While it is likely that the Antiatticist’s aim was, as usual, to defend a more inclusive view, its entry raises a few problems. The lemma of A.1 is transmitted in cod. C as καρθείς, which does not correspond to any attested passive aorist form of κείρω: Lobeck (1820, 319–20) and Van Dam (1873, 38–9) therefore corrected it to καρείς, aligning this entry with the other erudite sources discussing καρῆναι. Nevertheless, as Valente (2015, 197) suggests, the lemma might have been intended as a reference to Pindar (C.2), where, as already noted, καρθέντες occurs as a varia lectio of κερθέντες. The Antiatticist, unlike the other Atticist lexica, includes Pindar in his canon, quoting him in at least seven entries (see Tribulato 2021a; Tribulato 2021b), and the fact that the participle is lemmatised may point to Pindar’s line. If Valente’s suggestion is correct, the entry’s aim may have been to highlight the admissibility of the ‘weak’ passive aorist in -θη-, in addition to its reflexive meaning; however, this must remain uncertain. At least Moeris preferred the ‘weak’ passive aorist in -θη- over the ‘strong’ one in -η- (Moer. β 40Moer. β 40, δ 16Moer. δ 16, η 21Moer. η 21, κ 7Moer. κ 7, κ 59Moer. κ 59), but the other sources collected above do not address the issue of suffix choice with regard to the passive aorist of κείρω. Be that as it may, the Pindaric line’s value as evidence for a reflexive meaning of the passive aorist is questionable. Even though the verb is indeed used with reference to Jason’s unshorn locks of hair, the subject is not a person but the locks themselves, whose role in the cutting process was of course entirely passive. If C.2 was not the Antiatticist’s locus classicus, the lexicographer may have had in mind some other, now-lost literary passage in which καρ(θ)είς allowed a reflexive, rather than a passive, reading. Rutherford (1881, 368–9) argued that, even though the passive aorist of κείρω happens to be unattested in classical Attic, καρῆναι must certainly have been employed. Although Rutherford’s observation conforms to the general pattern opposing a transitive active to a self-benefactive middle and to a passive, it is difficult to share such absolute confidence.
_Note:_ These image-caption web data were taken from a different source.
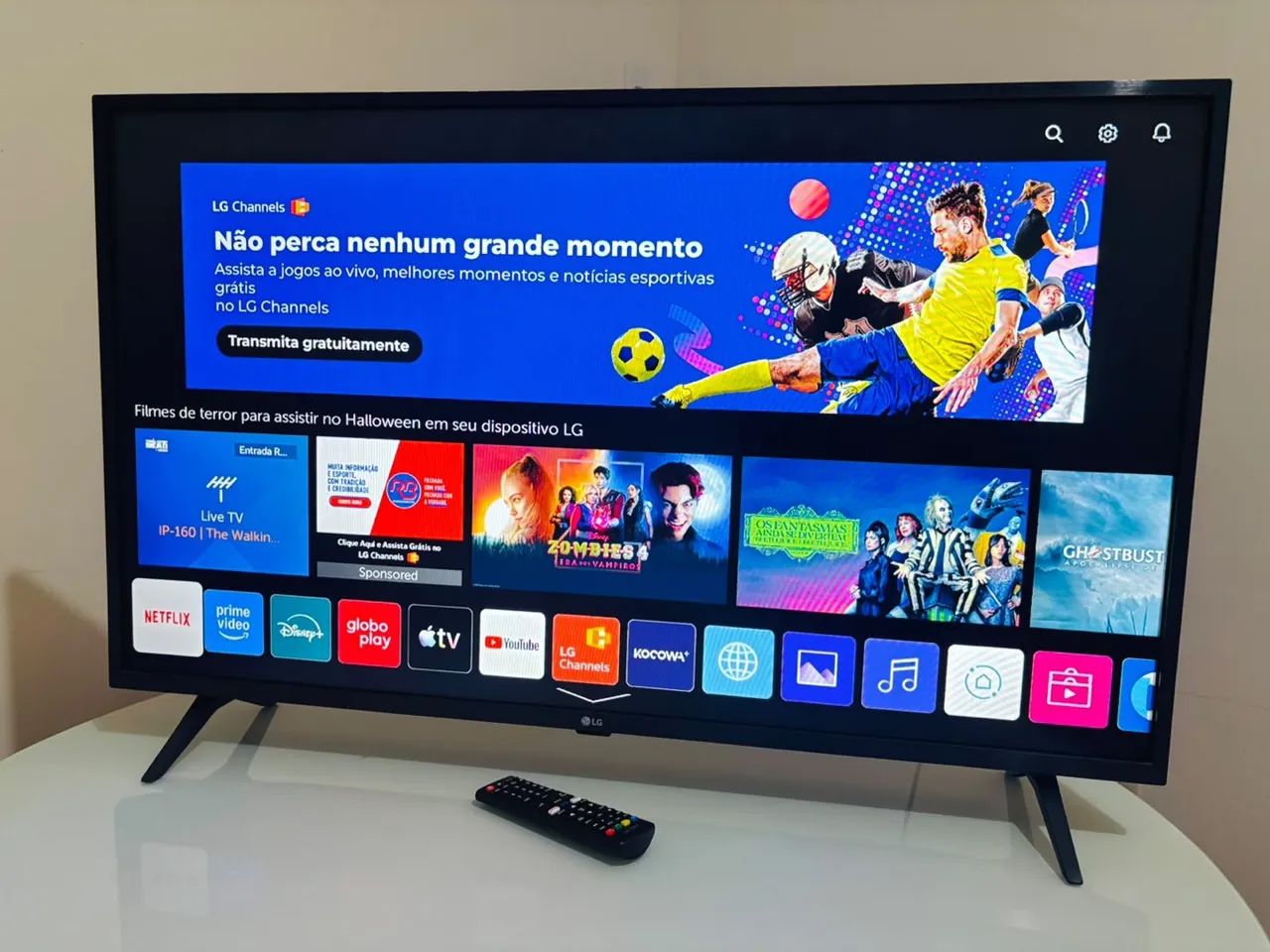 Smart tv LG 43 polegadas impecável 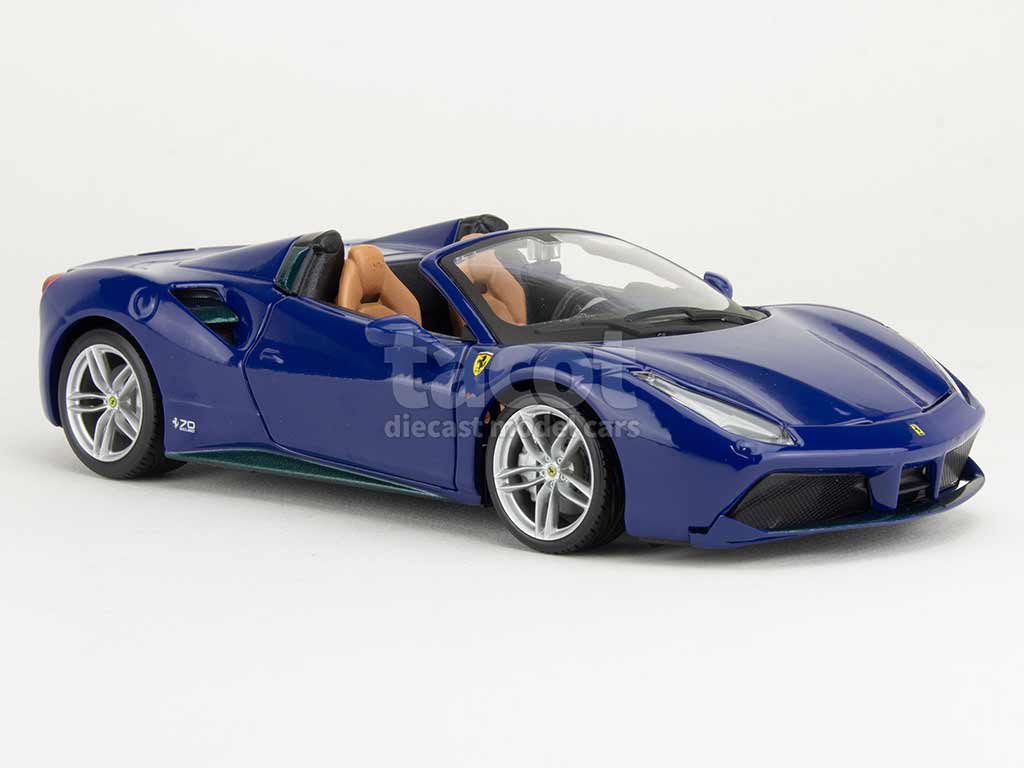 106509 Ferrari 488 Spider 2017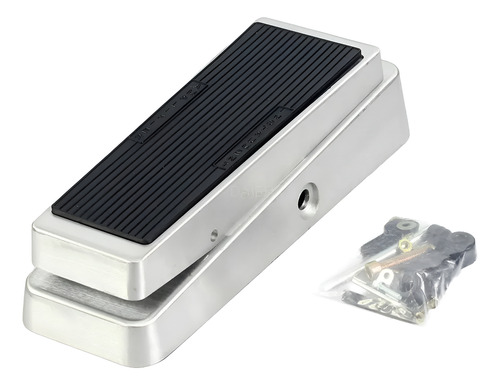 Pedal De Efecto Wah Wha Kit Gabinete Diy Vox Cry Baby Dunlop Gris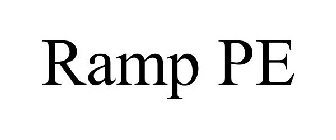 RAMP PE
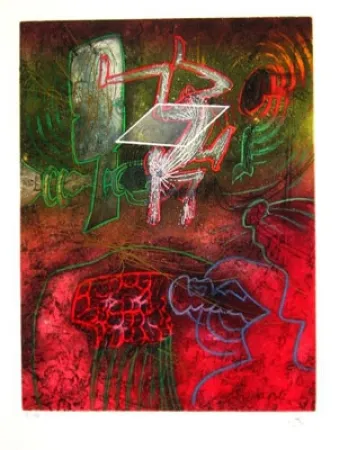 エッチング Matta - UNE SAISON EN ENFER (Carpeta)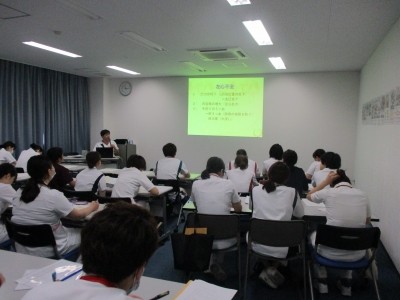 IMS<イムス>グループ 三愛会総合病院 三愛会の研修風景１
E. Byzantine and Modern Greek commentary
Both the middle and the passive aorist of κείρω occur often enough in medieval literary sources. In addition to the meanings inherited from Classical Greek (see D.), the verb developed a new specialised meaning, ‘to tonsure’, and by extension ‘to make someone a monk’; in the middle, κείρομαι means ‘to take a clerical or monastic tonsure’, and by extension ‘to become a monk’. Since the middle aorist is a residual category in Medieval Greek, mostly confined to the mixed and high registers (see CGMEMG vol. 3, 1758–9, 1762–4), occurrences of κείρασθαι in this period should be regarded as a classicising feature. In Modern Greek, the usual verb for hair-cutting is κουρεύω, attested since late antiquity in the middle κουρεύομαι ‘to take the tonsure’ (see LKN s.v.), and derived from the classical noun κουρεύς ‘barber’ (Pl.+), according to the pattern of deagentival verbs in -εύω formed from nouns in -εύς (e.g. χαλκεύς ‘smith’ : χαλκεύω ‘to forge’, etc.). However, the archaising κείρω, κείρομαι, with past perfect εκάρην, survives as a learned synonym (see ΛΝΕΓ s.v.).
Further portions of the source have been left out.